Can anyone give me a steer on where to get at documentation for Audi Technical Service Bulletins? The service garage has given me a Transaction Number of 2016846/4 for the relevant item but I am not getting very far trying to turn that into a document.

Current state of play btw is that Audi are continuing to be disinterested in doing any further engineering analysis on the fault having decided it looks like the one in their service bulletin. While the engineer dispatched by the servicing garages Insurance Company is apparently suggesting a 'catastrophic part failure' unrelated to lubricants. His theory is that the relevant part (I assume some pieces of the rear differential) were structurally unsound and the reason this blew up on 20th December was because the cold weather and ice had meant the rear wheel drive was being regularly brought into play, stressing the flawed part and causing a failure. The logic being that most of the time the part was not under stress because the rear wheel drive was not being invoked in normal driving conditions.

btw service centre have indicated they dont believe this is in anyway related to any kind of road or impact damage, so its a bad service or a bad part

(para999 - i crawled it from the verge to the nearest safe area at request of RAC, about 1/2 mile at about 10 mph. It was then dispatched on a low loader rather than towed)

Meanwhile I am enjoying the thrills of my mothers 1.4l VW Fox [smiley=bigcry.gif]

richard


----------



## wobbie_t (Jan 16, 2011)

Hi 
I am a Audi tech. 
the audi dealer is correct in what they are saying, i have seen this befor as well. when a back street dealer carries out an haldex oil change the drain the wrong part of the diff and then fill the diff section with haldex oil, not diff oil and after a few miels the diff exspiers as your has done. you need to find out what oil has been put into the diff. and you wont find any audi technical bullitins online as they are kind keeped secret to a point. (but some have leaked online)
hope this make its a bit more clear for you.


----------



## troytower (Jun 14, 2011)

I recently bought a used 2008 audi quattro 3.2 (one previous owner) from Carmax(an American nationwide dealership)

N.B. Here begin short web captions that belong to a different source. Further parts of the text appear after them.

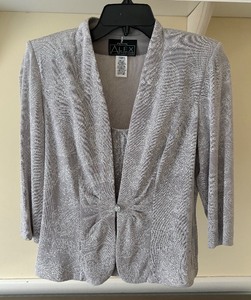 lot 131 image: Alex Evening Shirt and Tank Top Set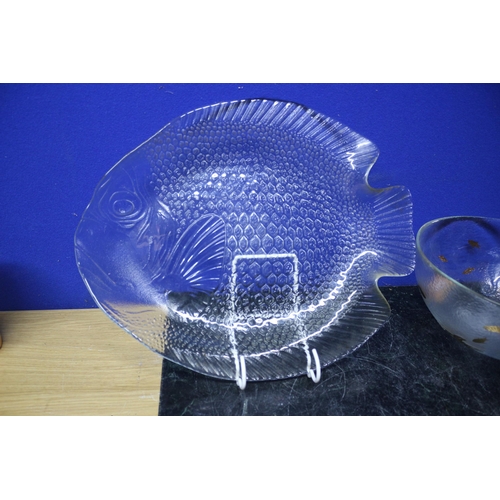 138 - Large Glass Fish Platter plus a Glass Bowl Decorated with Fish and Sea Creatures - Platter is 39cm W... 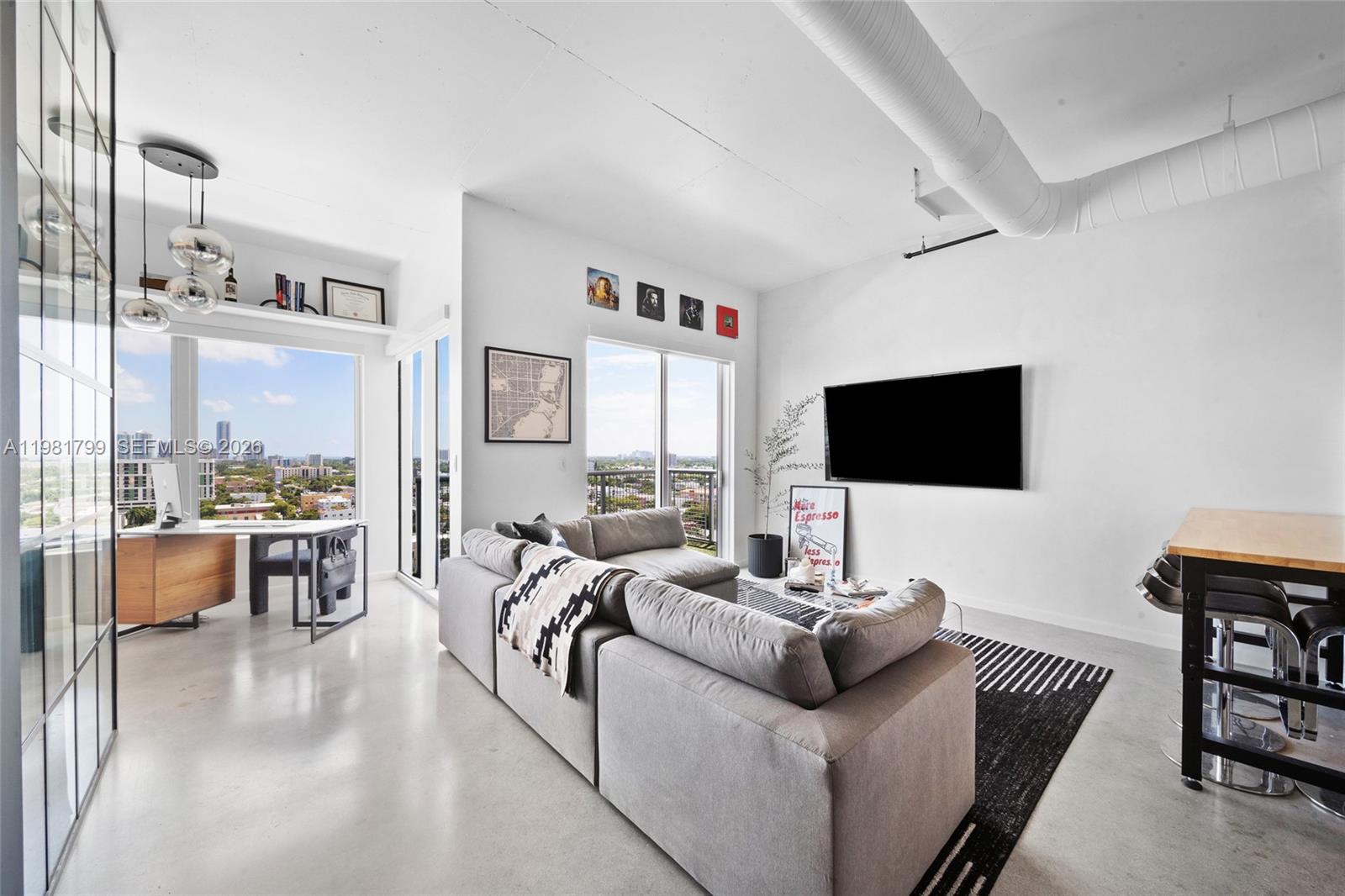 10 SW South Riv Dr #1512 Miami, FL 33130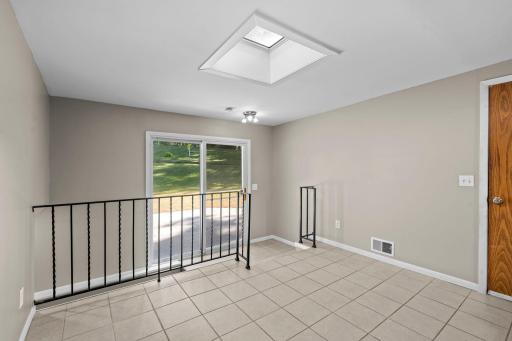 2413 W 107th Street, Bloomington, MN 55431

Yesterday the rear differential had to be replaced due to it doing the exact same thing as described by the poster of this topic. I was only going 40 mph. WEAK! Thankfully it happend before the warranty ran out. Not sure if its common for the rear differential to fail on Quattros? Only 32,000 miles on it. Thoughts? I have a sneaking suspicion that the previous owner beat the shit out of the car, looks can be deceiving.

I love the Audi but I hope I'm not in for some serious stress in the post warranty future.

Troy


----------